Challenge Opening Data Sets

I am really enjoying my first week in Dataquest. Thanks for making it easy to understand.
I am having a challenge opening the datasets in mission one.
I have tried adding encoding='utf8' to open('AppleStore.csv') but am still getting this error UnicodeDecodeError: 'charmap' codec can't decode byte 0x81 in position 920: character maps to <undefined>
Please help, I’m stuck!


Hey @mlamborj, welcome to DQ community.

When your file is not encoded as UTF-8, you should try other types of encoding.

Some of the possible encoding values are Latin-1 and Windows-1251.

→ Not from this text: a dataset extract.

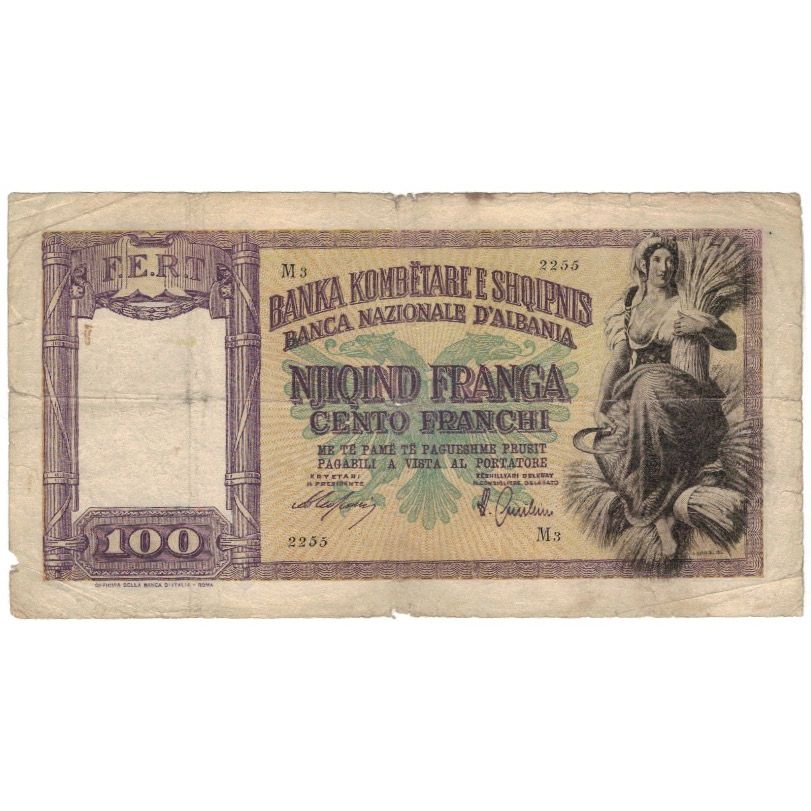 Banknote, Albania, 100 Franga, KM:8, VG(8-10)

with open('AppleStore.csv', encoding='Latin-1') as f:
    # do something

You can also install the module chardet
Using pip install

pip install chardet

Using conda install

conda install chardet

When we do not know the encoding type for a particular file, we can do the following:

import chardet
import pandas as pd

def find_encoding(fname):
    r_file = open(fname, 'rb').read()
    result = chardet.detect(r_file)
    charenc = result['encoding']
    return charenc

my_encoding = find_encoding('myfile.csv')
df = pd.read_csv('myfile.csv', encoding=my_encoding)

or in your example,

with open('AppleStore.csv', encoding=my_encoding) as f:
    # do something
I have tried utf8, Latin-1, Windows-1251 with no success. Even added the errors='ignore' to the open() function but no luck. Maybe I should add that I am working on a locally installed jupyter notebook running python 3.7.4 on windows

Ok give me a few minutes, let me try it out.

using your find_encoding function there I was able to detect the file encoding as utf-8. Turns out I was writing utf8 without the hyphen!
Thanks for your help.

Good catch. utf-8 != utf8. Typo are bounds to happen.